By: Voice of The Pantagraph, Bloomington, Ill.

State closings hit a snag; facts are what’s needed

The following editorial appeared in The Pantagraph, Bloomington, Ill., on Wednesday, Sept. 5:

(MCT) — Gov. Pat Quinn’s plan to close several state prison and other facilities has hit a snag.

The governor had planned to close several prisons, halfway houses and other Departments of Corrections facilities, including those located in Dwight, Tamms and Decatur, by Aug. 31. But that date came and went with the prisons still operating. The governor still seems intent on closing the facilities, but no new deadline has been set.

In the meantime, the governor’s office was ordered by an arbitrator to negotiate with the American Federation of State, County and Municipal Employees union that represents most prison workers. The arbitrator said the unions couldn’t extend negotiations unreasonably, but that the state has to bargain a closure plan.

To further complicate matters, members of the General Assembly are saying that if the prisons aren’t closed by the November veto session they may take action that would prevent Quinn’s plan from being enacted.

State Senate President John Cullerton recently told the Southern Illinoisan in Carbondale that he would work to overturn Quinn’s closure plan in November. Legislators already placed money in the state’s budget plan to keep the prisons open.
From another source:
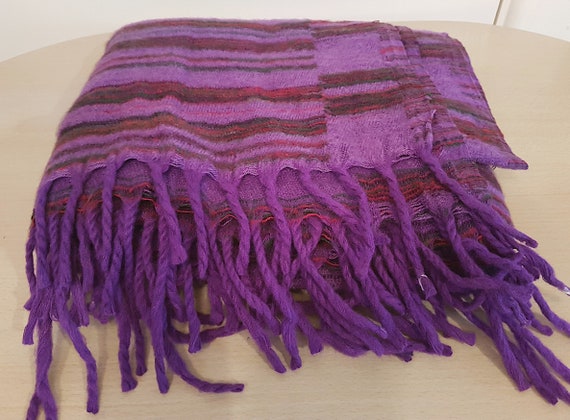 Super soft yak wool Fair Trade large blanket handmade in Nepal Blue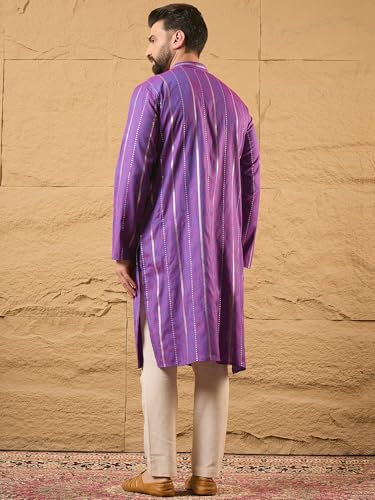 Image of Men's Embroidered Solid Calf Length Kurtas | Men | Kurtas for Mens | Straight Fit Kurta for Men's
Quinn’s plan doesn’t have a lot of support in the General Assembly — a bill that would have moved the power to close facilities from the administrative to the legislative branch failed by one vote in the spring session.

There is no argument the state needs to spend less money and that will undoubtedly lead to the closing of some facilities. The state, to some degree, is paying for an era when new prisons were built as much for the jobs they created as for whether they were needed or efficiently run. The state’s facilities run the gamut from relatively new buildings to buildings that are more than a century old.

The weakness is Quinn’s plan is that it doesn’t appear to be a plan at all. The proper way to proceed with facility closing is to do a study that looks at all of the state’s facilities, projects the state’s needs into the future and then makes a recommendation based on facts.

No one is going to be happy with any closing plan, especially if it affects their hometown. Legislators with facilities in their districts are always going to fight to keep them open.

But a fact-based plan would focus the argument. Many critics say Quinn’s plan is arbitrary and note that most of the facilities are located downstate. Without a fact-based study, those criticisms have some validity.

The state needs to spend less money in order to extract itself from a long-term financial mess. Those plans need to be based, as much as possible, on facts and studies.